((

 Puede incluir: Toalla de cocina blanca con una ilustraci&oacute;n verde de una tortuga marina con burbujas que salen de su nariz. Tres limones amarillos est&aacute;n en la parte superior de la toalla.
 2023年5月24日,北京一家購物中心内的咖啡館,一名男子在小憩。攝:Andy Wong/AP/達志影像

))
((

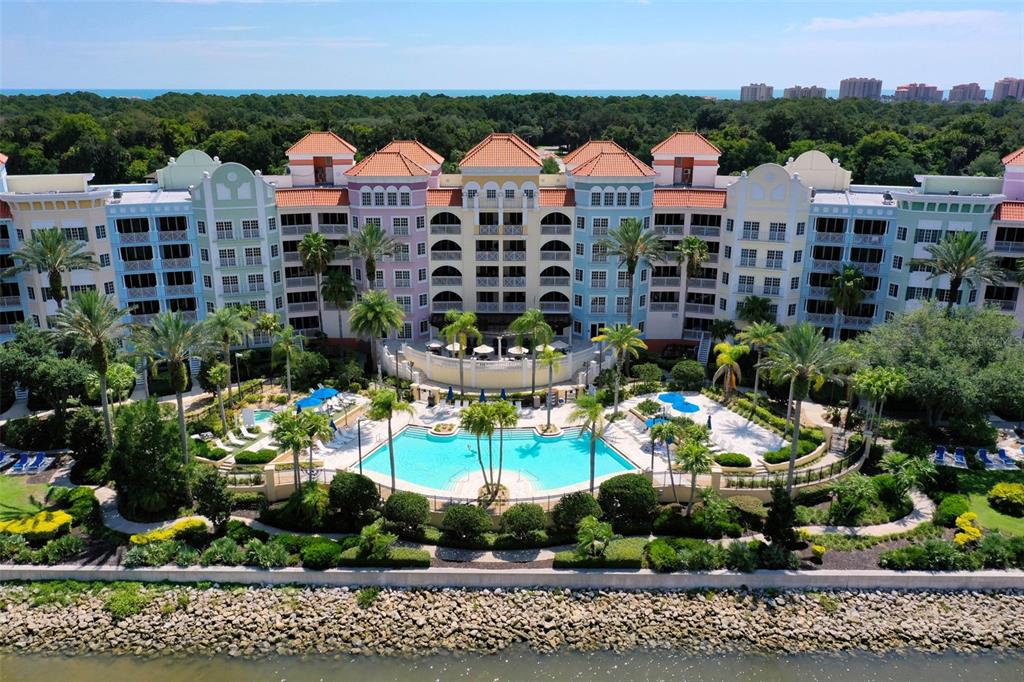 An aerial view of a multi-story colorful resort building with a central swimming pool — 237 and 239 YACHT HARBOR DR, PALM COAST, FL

))

▶ _WHAT TO DO_:
Your task is to transcribe, with no changes, only the lines of the listing above that lie between the line holding "Puede incluir: Toalla" and the line holding "2023年5月24日,北京一", inclusive.

▶ _SOLUTION TO THE PROBLEM_:
 Puede incluir: Toalla de cocina blanca con una ilustraci&oacute;n verde de una tortuga marina con burbujas que salen de su nariz. Tres limones amarillos est&aacute;n en la parte superior de la toalla.
 2023年5月24日,北京一家購物中心内的咖啡館,一名男子在小憩。攝:Andy Wong/AP/達志影像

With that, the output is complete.